Katılımcı, Cumhuriyetin 100. Yılında Tasarımla Düşünmek

Katılımcı, Cumhuriyetin 100. Yılında Tasarımla Düşünmek

Helin Özge Orhan, Berke Kayalar, Şakir Onat Köşe ve Ali Yılmaz'ın, Cumhuriyetin 100. Yılında Tasarımla Düşünmek yarışması için hazırladığı proje önerisi.

Proje Raporu:

Tarihi bir dokuya ev sahipliği yapan topraklarda, Anadolu’nun en batısında, İzmir’de, Dokuz Eylül Üniversitesi Tınaztepe kampüsünde bulunan ve proje alanı olarak belirlenen Mimarlık Fakültesi’nin bahçesi, Türkiye Cumhuriyeti’nin ilk yüzyılının hikayesinden esinlenilen bir sahne olarak tasarlandı. Bu tasarım, geçmişin izlerini takip ederken, geleceğe bir köprü ve örnek olma amacı taşımaktadır.

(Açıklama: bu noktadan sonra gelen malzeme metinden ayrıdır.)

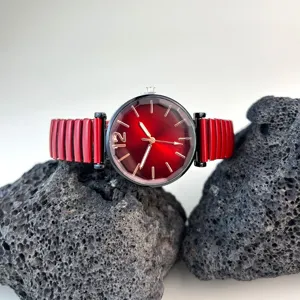 Primer plano de la esfera roja del reloj de mujer con correa metálica elástica y fina.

Mimarlık, sanat ve kültürün kesişim noktasında, bu bahçe sadece bir mekan olarak değil, bir ayna olarak tasarlanmıştır. Türkiye Cumhuriyeti’nin ilk yüzyılının, Mustafa Kemal Atatürk’ün inkılapları ile nasıl hızlı ve güçlü şekilde geliştiğinin bir aynası. Bu nedenle projede, bu ilk yüzyılın bitişini onurlandırırken, ikinci yüzyılın kapılarını aralamak amaçlanmıştır. Türkiye’nin, İzmir’in ve Dokuz Eylül Üniversitesi’nin mimari, kültürel ve sosyolojik gelişmişlikleri, bu bahçede bir araya gelerek, geleceğe ilham veren bir deneyim yaratmayı amaçlamaktadır.

Dokuz Eylül Üniversitesi’nin Tınaztepe Kampüsü’nde bulunan Mimarlık Fakültesi binası, kabaca üç ksıımdan oluşan bir binadır; Mimarlık Bölümü, Şehir ve Bölge Planlama Bölümü ve Dekanlık binası. Bu üç bölümün oluşturduğu U şekilli bir tarafı açık avlu, proje alanı olarak belirlenmiştir. Mevcutta bu alan, yeşil alanlar, oturma ve aydınlatma elemanlarının bulunduğu, belirli fonksiyonların karşılanamadığı bir alandır. Fakültede okuyan aktif öğrenci sayısının 1.200 olduğu bilinmektedir. Bu öğrenci sayısı için mevcuttaki bahçe kullanımı yetersiz kalmakta, bazı konularda küçük de olsa değişikliklere ihtiyaç oluşturmaktadır.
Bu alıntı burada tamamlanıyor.